──────── Entries supplied

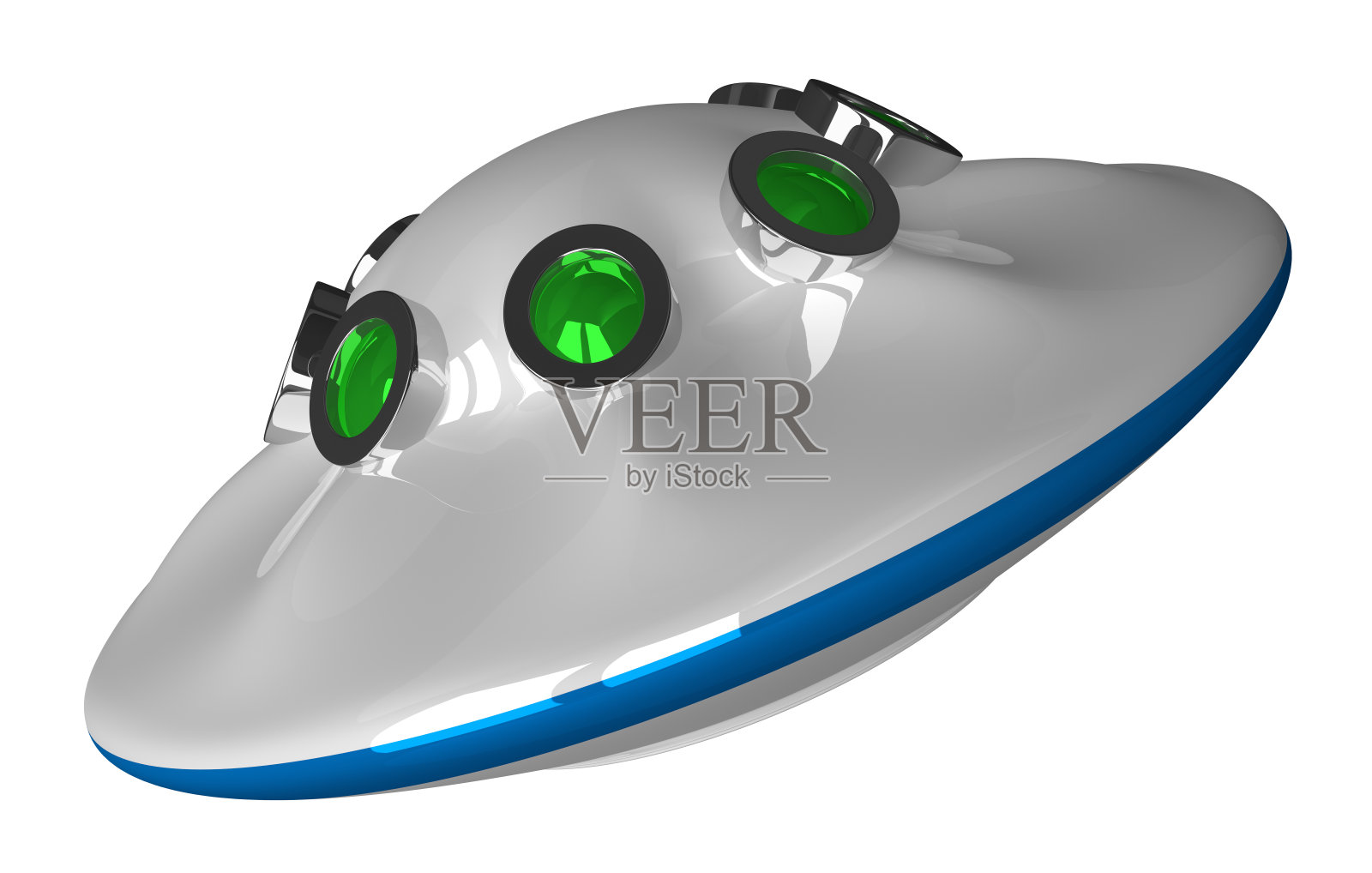 飞碟孤立在白色照片摄影图片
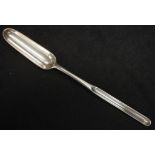 George III sterling silver marrow scoop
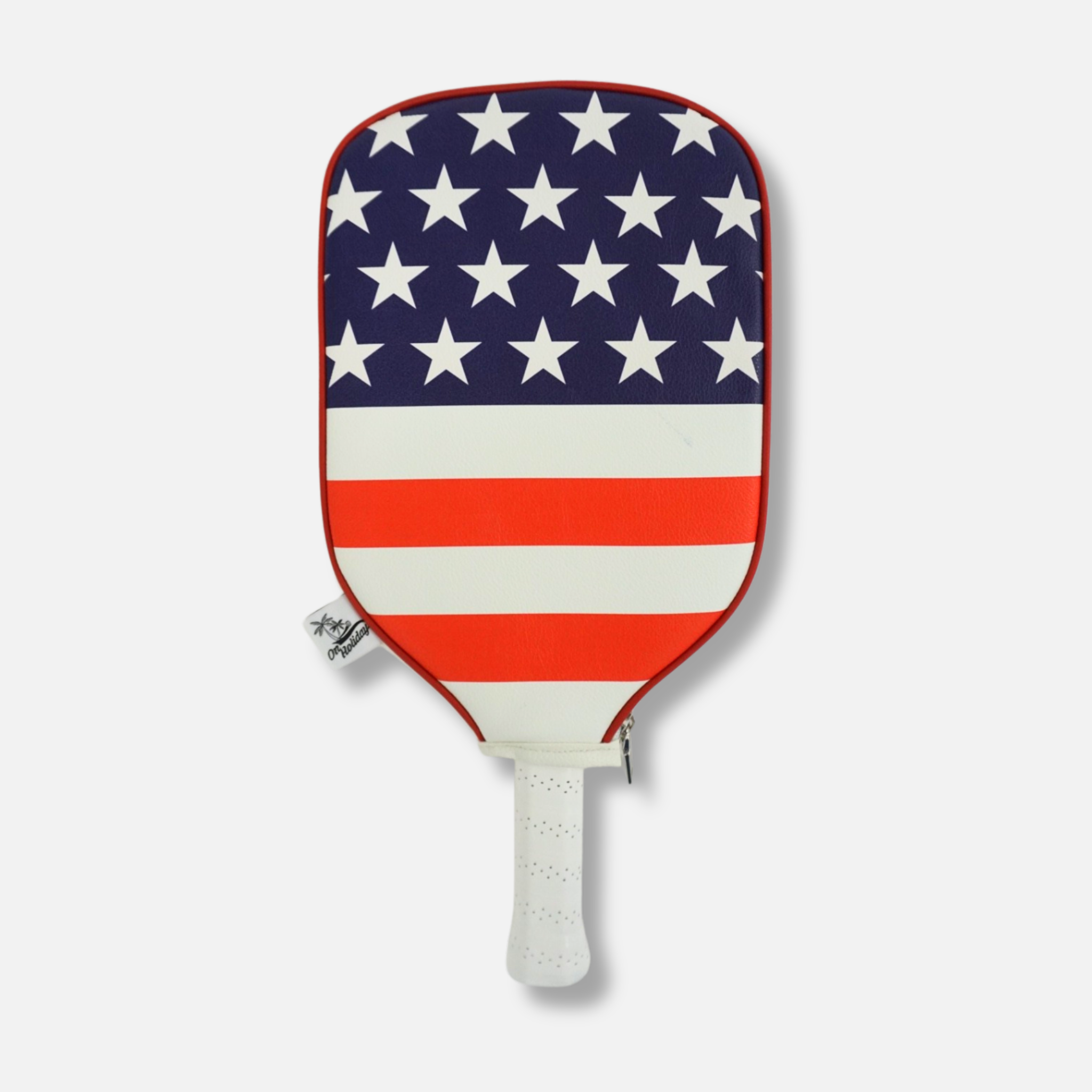 American Flag Leather Pickleball Paddle Cover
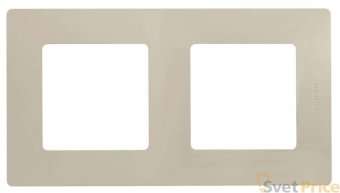 Рамка 2-постовая Legrand Etika слоновая кость 672512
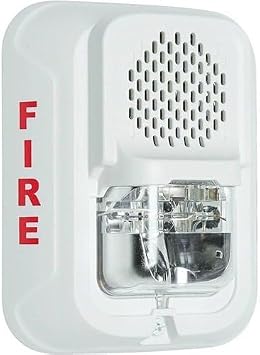 System Sensor P2WL-LF L-Series Indoor Selectable Output Low Frequency Sounder Strobe, 2-Wire, Wall Mount, FIRE Marking, White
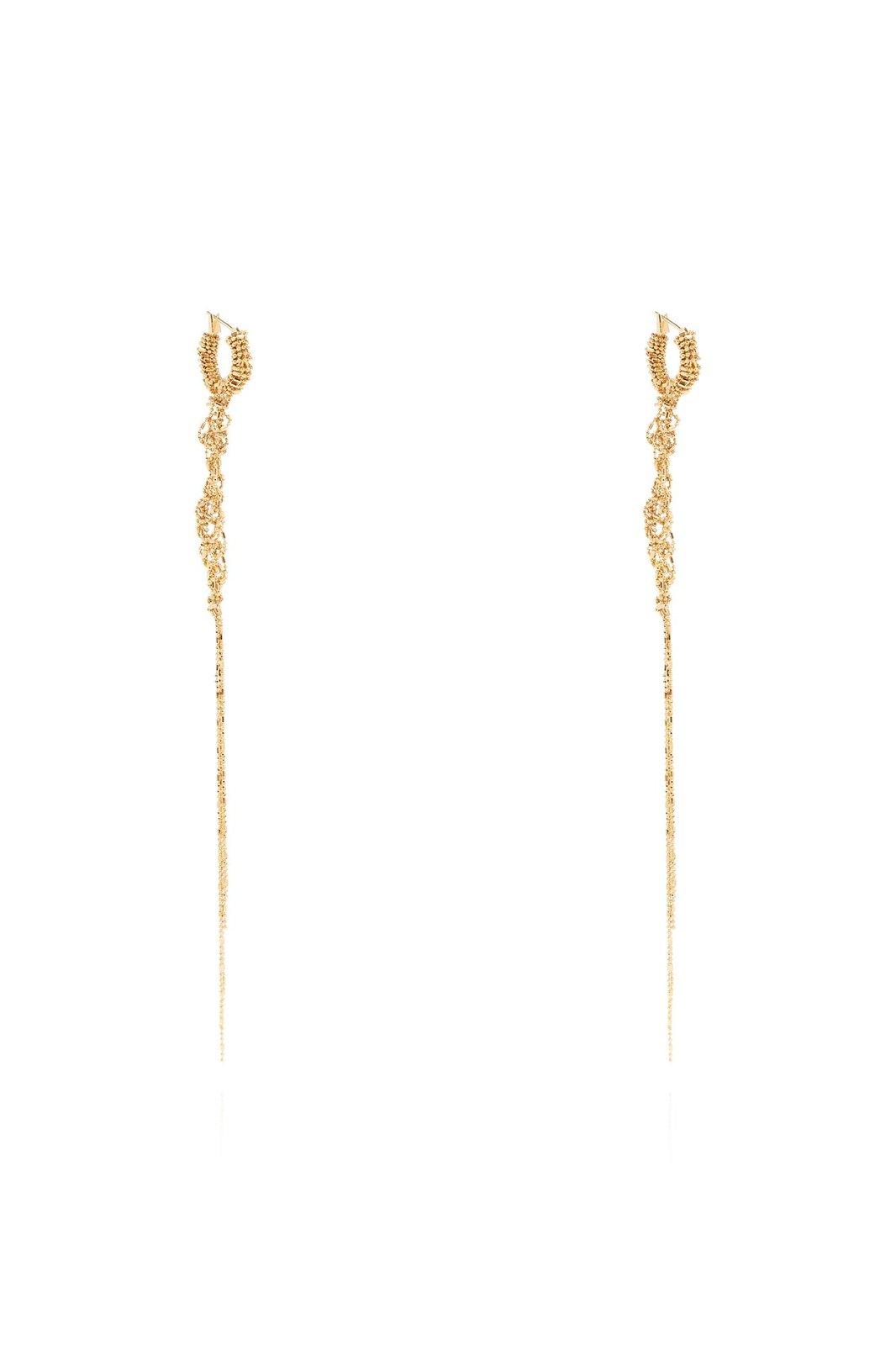 LEMAIRE CHAIN-LINKED EMBELLISHED EARRINGS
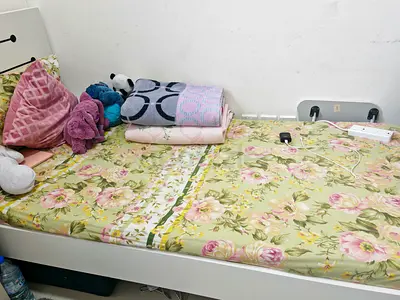 White Single Bed Frame with Mattress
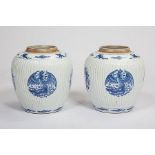 A GOOD PAIR OF CHINESE BLUE AND WHITE GINGER JARS, 
late 18th, early 19th century,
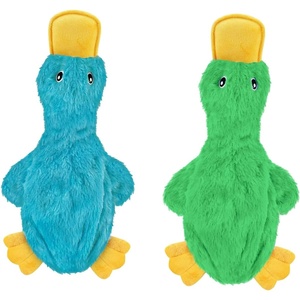 image:imageBest Pet Supplies Squeaky Dog Toys with Soft Durable Fabric for Small Medium and Large Pets Interactive Toy for Indoor Play Supports Active Biting and Play  Bunny Bunny Duck SmallCrinkle Duck Light Green  Turquoise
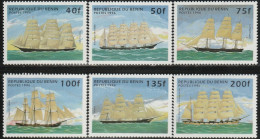 THEMATIC  TRANSPORT:  FAMOUS SAILING SHIPS   6V+MS  -  BENIN - Otros (Mar)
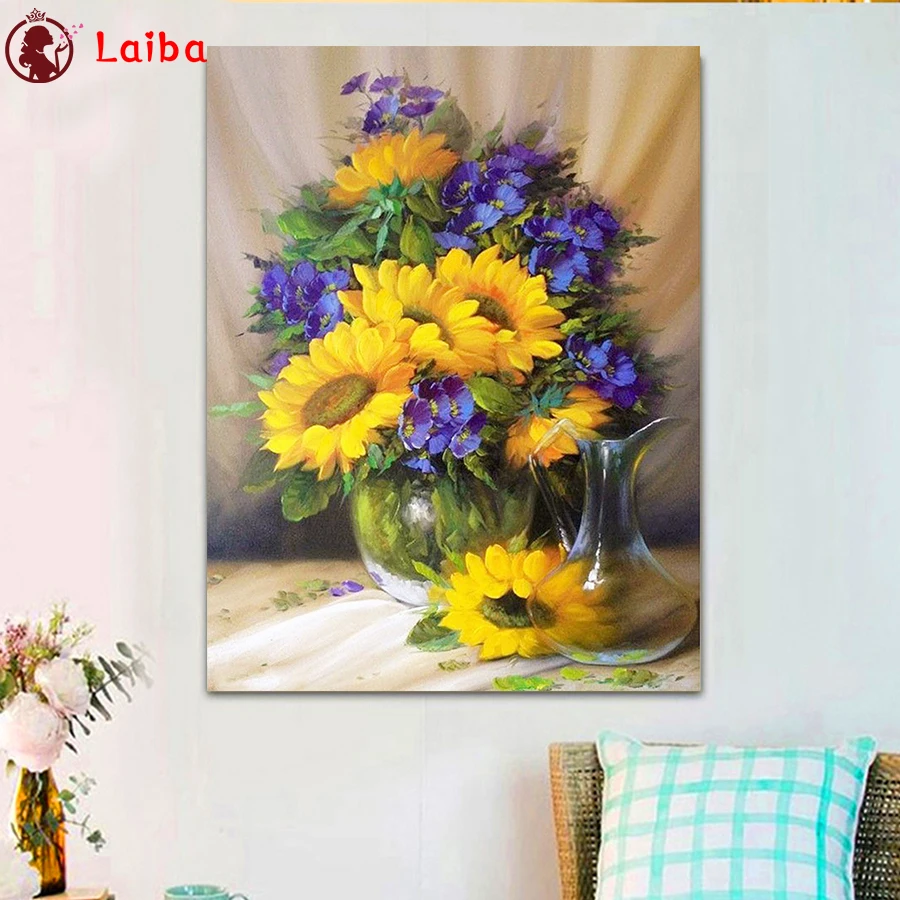 

Sunflowers 5D Diamond Embroidery cross Stitch DIY Diamond Painting Diamond Mosaic rhinestones Home Decor love gift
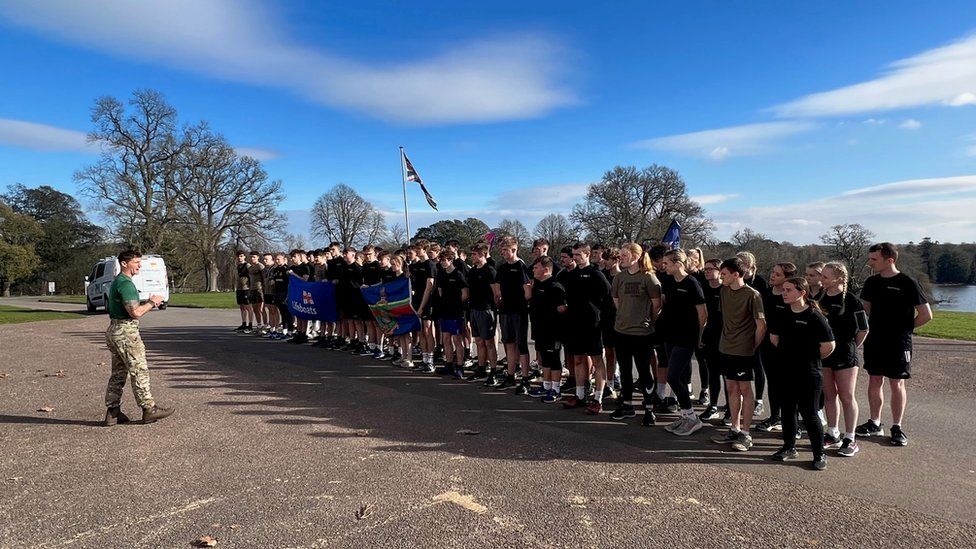 Bicton College students undertake tough charity challenge BBC News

────────────────

What the exercise asks:
Every last line above must be reproduced as written, and no pictures belong in the copy.

Solution to the problem:
 飞碟孤立在白色照片摄影图片
 George III sterling silver marrow scoop
 American Flag Leather Pickleball Paddle Cover
 Рамка 2-постовая Legrand Etika слоновая кость 672512
 System Sensor P2WL-LF L-Series Indoor Selectable Output Low Frequency Sounder Strobe, 2-Wire, Wall Mount, FIRE Marking, White
 LEMAIRE CHAIN-LINKED EMBELLISHED EARRINGS
 White Single Bed Frame with Mattress
 A GOOD PAIR OF CHINESE BLUE AND WHITE GINGER JARS, 
late 18th, early 19th century,
 image:imageBest Pet Supplies Squeaky Dog Toys with Soft Durable Fabric for Small Medium and Large Pets Interactive Toy for Indoor Play Supports Active Biting and Play  Bunny Bunny Duck SmallCrinkle Duck Light Green  Turquoise
 THEMATIC  TRANSPORT:  FAMOUS SAILING SHIPS   6V+MS  -  BENIN - Otros (Mar)

Sunflowers 5D Diamond Embroidery cross Stitch DIY Diamond Painting Diamond Mosaic rhinestones Home Decor love gift
 Bicton College students undertake tough charity challenge BBC News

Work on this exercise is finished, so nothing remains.